O Príncipe da Marquise

"bom xibom, tchéblec tchublim

em francês, de le perrê de si lavê"

Brígido dormia bem. Esse sabia dormir. Durante o dia, roncava alto sobre algumas folhas de papelão fedidas. As roupas, encardidas, estavam duras de tanta sujeira. Rosto inchado, barba grisalha que cobriam a face vermelha, castigada pelo sol. Dormia e dormia, entre um gole e outro de aguardente barato, de garrafa de plástico.

Durante a noite, perambulava pelas ruas do centro da Ilha. Subia a padre Roma, infestada de puteiros, onde recolhia as bitucas de cigarro e mendigava uns trocados para comprar mais pinga. Em êxtase permanente pela bebedeira, dançava ao som cuspido dos alto-falantes distorcidos dos inferninhos da região. Sorria, rosnava algo ao ritmo da música e bebia ainda mais. Perambulando, fumando e bebendo. Falava com os outros mendigos e com algumas putas do calçadão. Não tinha mais ninguém no mundo. E só tinha um amigo: o gato da marquise.

"Ihhhhhh...espia! Quatro, um atrás do outro! Fileirinha!

É o juízo final, cambada de puto!

Vança, Tiquinha! Te aprepara do jeito que eu gosto!

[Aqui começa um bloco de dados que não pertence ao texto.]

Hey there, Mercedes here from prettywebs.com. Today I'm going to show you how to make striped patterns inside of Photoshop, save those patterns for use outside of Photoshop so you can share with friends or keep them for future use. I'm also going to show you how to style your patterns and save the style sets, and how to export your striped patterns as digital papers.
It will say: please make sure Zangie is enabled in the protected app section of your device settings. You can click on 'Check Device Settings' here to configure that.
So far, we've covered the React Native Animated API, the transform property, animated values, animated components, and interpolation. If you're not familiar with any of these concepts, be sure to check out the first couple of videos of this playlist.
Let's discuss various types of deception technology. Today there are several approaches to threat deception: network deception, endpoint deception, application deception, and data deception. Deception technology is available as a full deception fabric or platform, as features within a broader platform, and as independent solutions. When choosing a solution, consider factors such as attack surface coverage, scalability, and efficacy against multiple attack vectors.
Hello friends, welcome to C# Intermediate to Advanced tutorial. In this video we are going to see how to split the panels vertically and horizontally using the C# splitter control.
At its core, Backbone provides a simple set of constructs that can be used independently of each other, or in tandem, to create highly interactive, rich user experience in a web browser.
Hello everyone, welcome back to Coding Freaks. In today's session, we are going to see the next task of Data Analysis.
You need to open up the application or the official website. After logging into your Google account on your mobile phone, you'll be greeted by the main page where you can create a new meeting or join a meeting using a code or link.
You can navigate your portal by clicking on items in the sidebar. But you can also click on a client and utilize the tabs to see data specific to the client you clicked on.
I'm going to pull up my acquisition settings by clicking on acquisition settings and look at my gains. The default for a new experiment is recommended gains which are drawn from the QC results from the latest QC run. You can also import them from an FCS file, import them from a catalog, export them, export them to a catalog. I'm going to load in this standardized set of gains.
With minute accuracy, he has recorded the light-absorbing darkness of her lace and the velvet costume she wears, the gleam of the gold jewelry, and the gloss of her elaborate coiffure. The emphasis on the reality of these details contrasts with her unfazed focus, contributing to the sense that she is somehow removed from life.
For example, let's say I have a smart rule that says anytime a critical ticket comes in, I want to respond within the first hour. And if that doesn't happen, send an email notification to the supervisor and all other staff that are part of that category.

Tás com pressa? Passa amanhã"

Frases desconexas, perfeitamente normais para uma pessoa com altas doses de sangue no álcool. Resmungos, tragadas e goles. Na vitrine da loja, em frente ao paredão de plasma, ele viu o sorriso do velhinho vendo um filme do Oscarito. Se emocionou com a cena. E seguiu pra ver o gato.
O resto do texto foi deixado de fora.